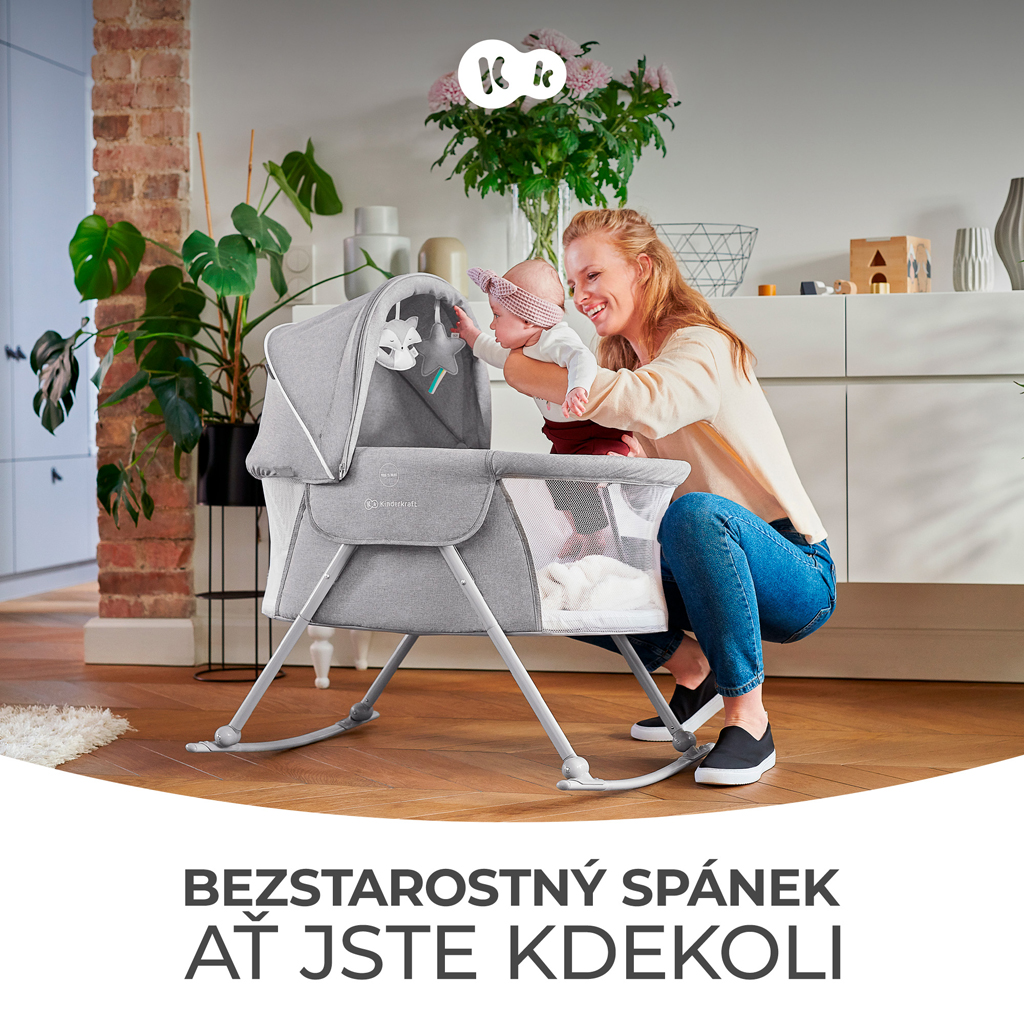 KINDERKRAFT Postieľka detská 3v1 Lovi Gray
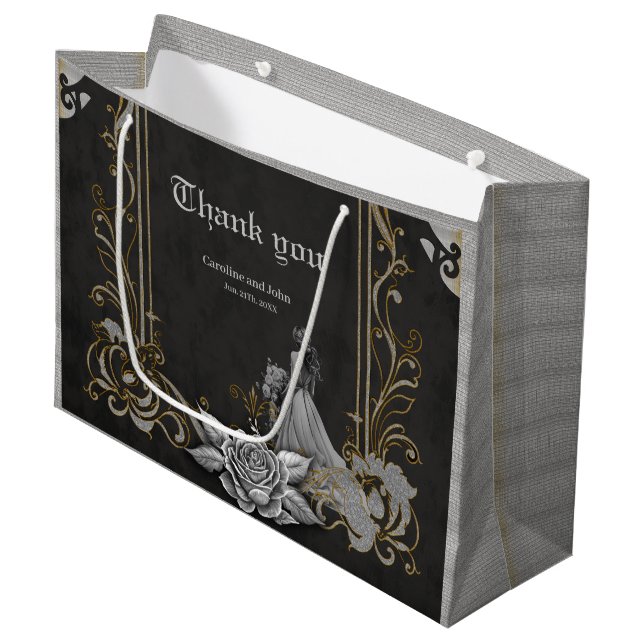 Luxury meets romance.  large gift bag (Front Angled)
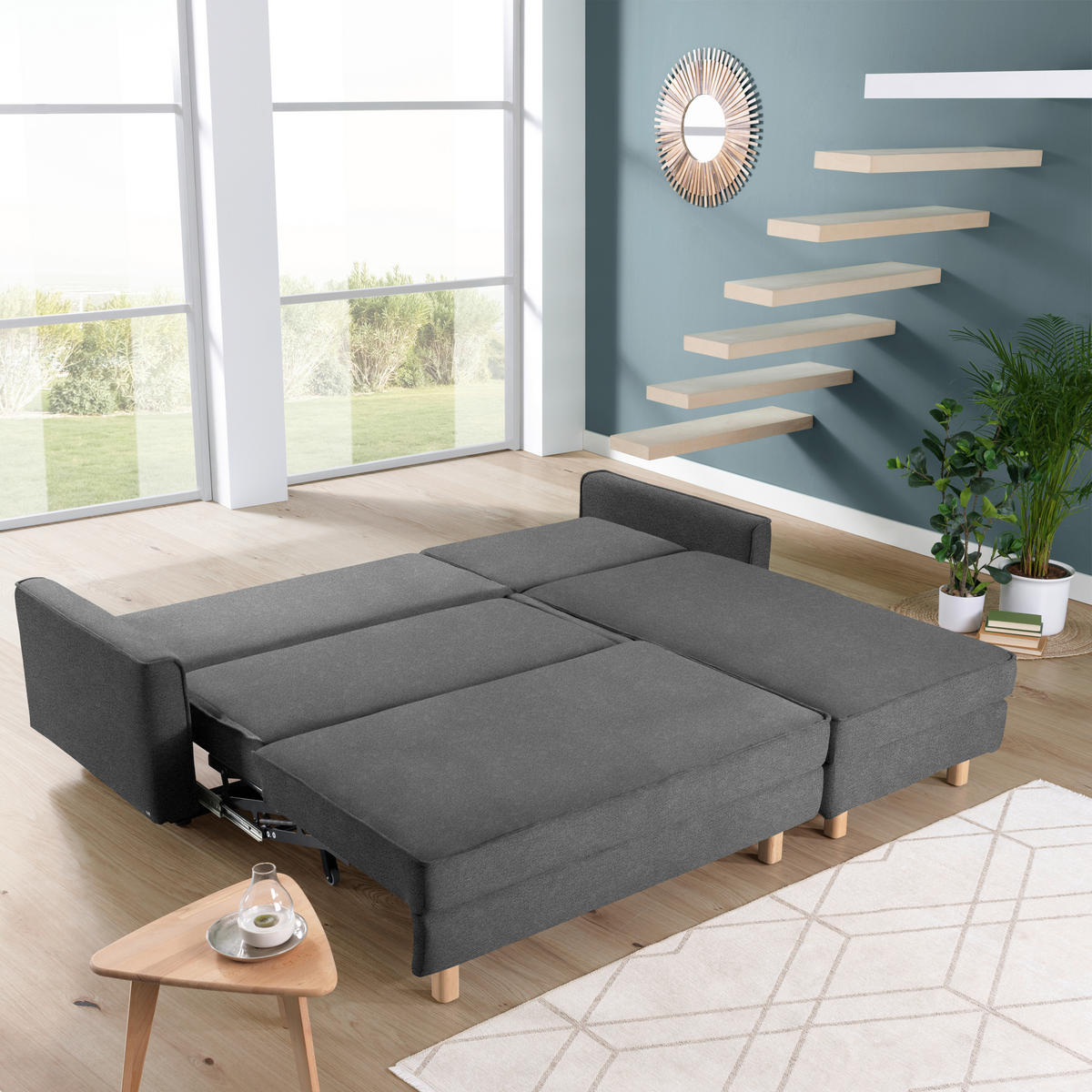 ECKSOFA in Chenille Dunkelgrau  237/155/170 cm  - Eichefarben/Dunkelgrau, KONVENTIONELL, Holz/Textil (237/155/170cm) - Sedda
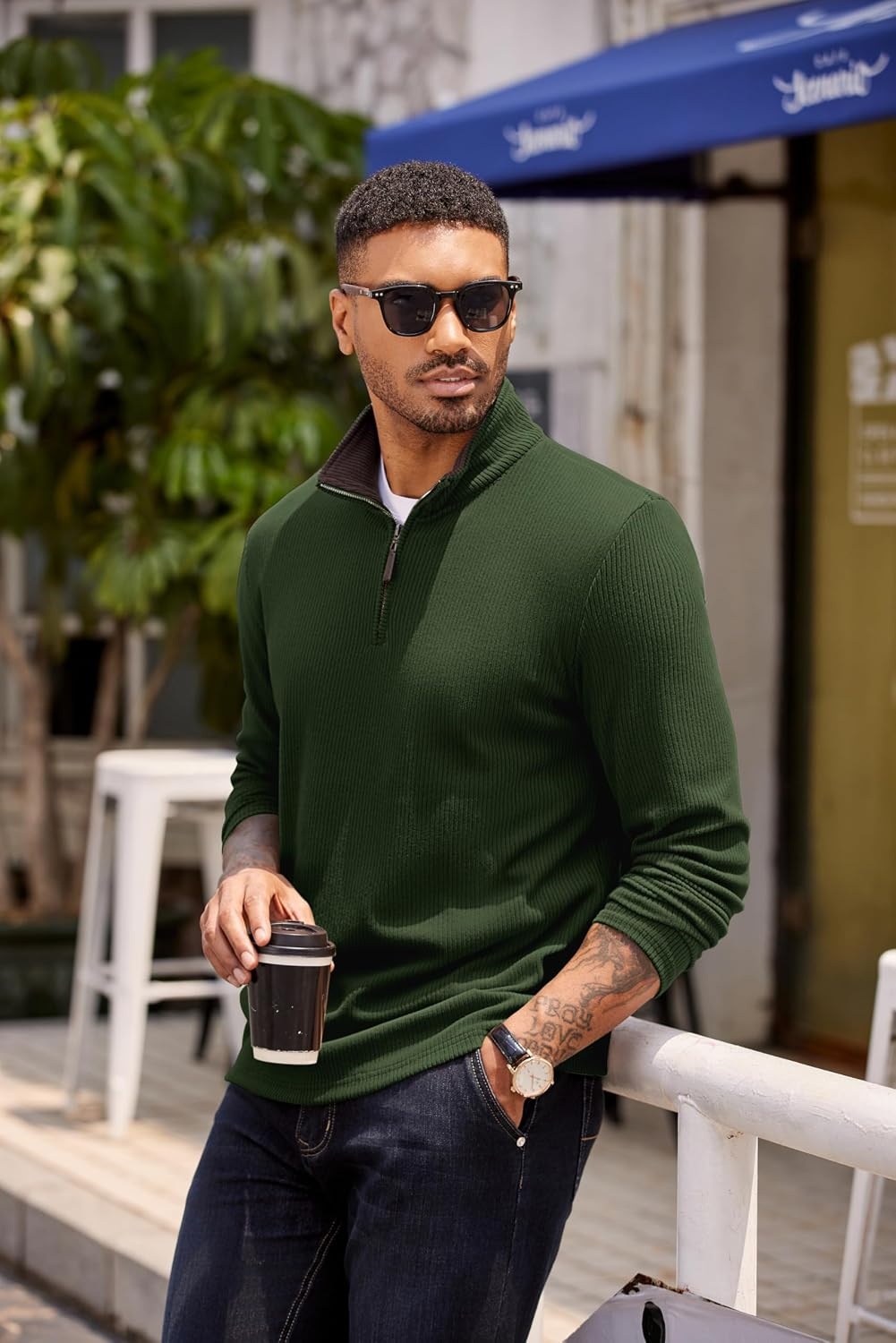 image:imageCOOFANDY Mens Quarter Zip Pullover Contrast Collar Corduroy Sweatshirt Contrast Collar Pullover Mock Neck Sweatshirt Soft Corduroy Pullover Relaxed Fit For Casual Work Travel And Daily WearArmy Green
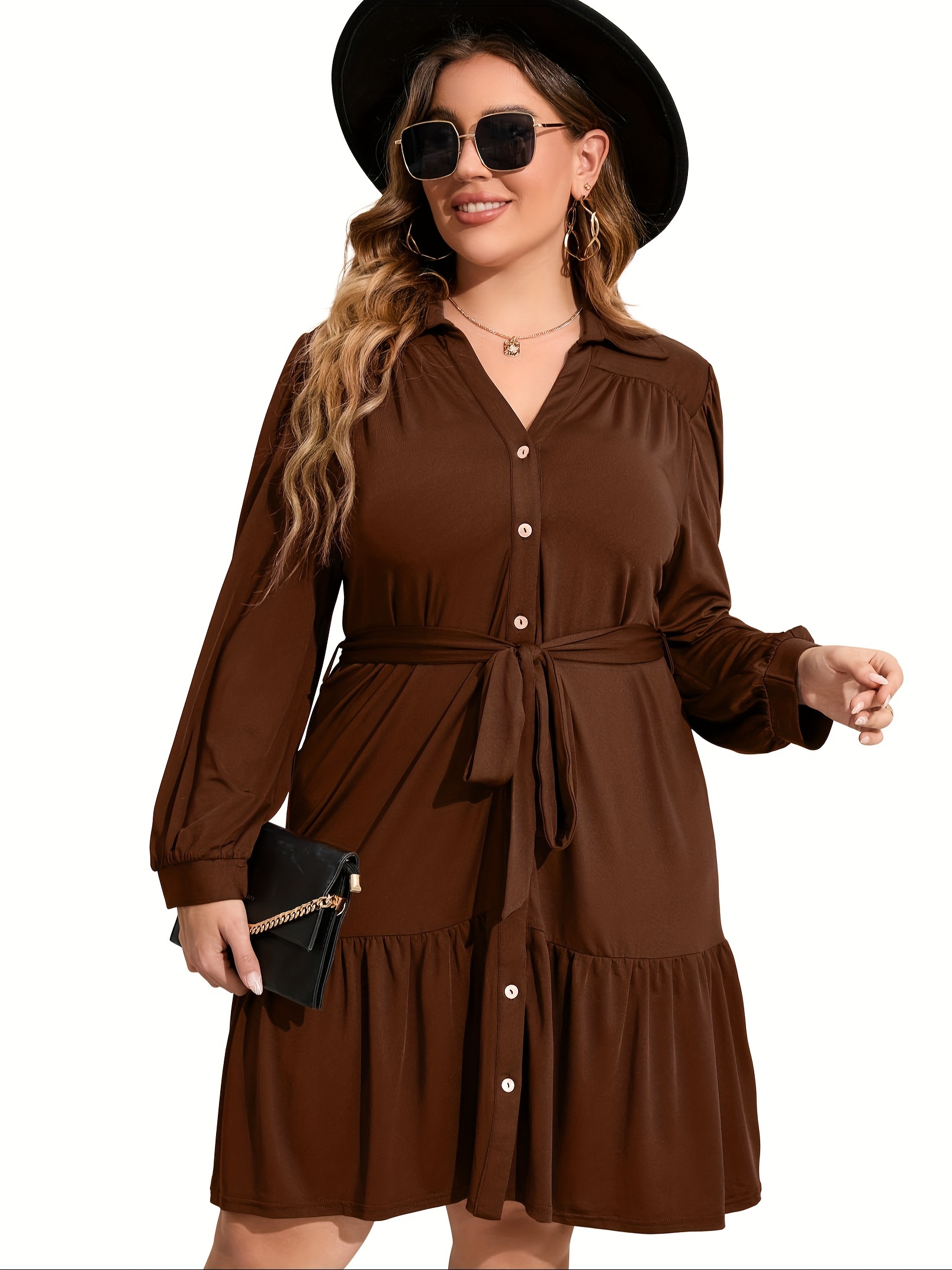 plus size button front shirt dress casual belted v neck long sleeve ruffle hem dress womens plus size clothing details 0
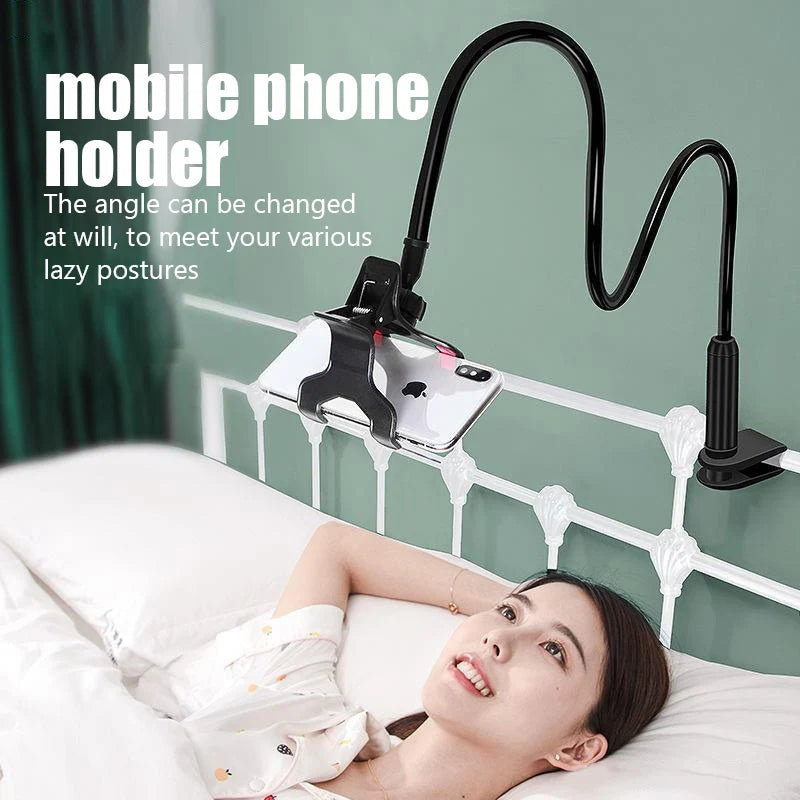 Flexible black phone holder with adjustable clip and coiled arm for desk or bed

*Task directions:* Everything in the listing above, apart from its pictures, must be repeated exactly.

*Result of this exercise:*
 KINDERKRAFT Postieľka detská 3v1 Lovi Gray
 Luxury meets romance.  large gift bag (Front Angled)
 ECKSOFA in Chenille Dunkelgrau  237/155/170 cm  - Eichefarben/Dunkelgrau, KONVENTIONELL, Holz/Textil (237/155/170cm) - Sedda
 image:imageCOOFANDY Mens Quarter Zip Pullover Contrast Collar Corduroy Sweatshirt Contrast Collar Pullover Mock Neck Sweatshirt Soft Corduroy Pullover Relaxed Fit For Casual Work Travel And Daily WearArmy Green
 plus size button front shirt dress casual belted v neck long sleeve ruffle hem dress womens plus size clothing details 0
 Flexible black phone holder with adjustable clip and coiled arm for desk or bed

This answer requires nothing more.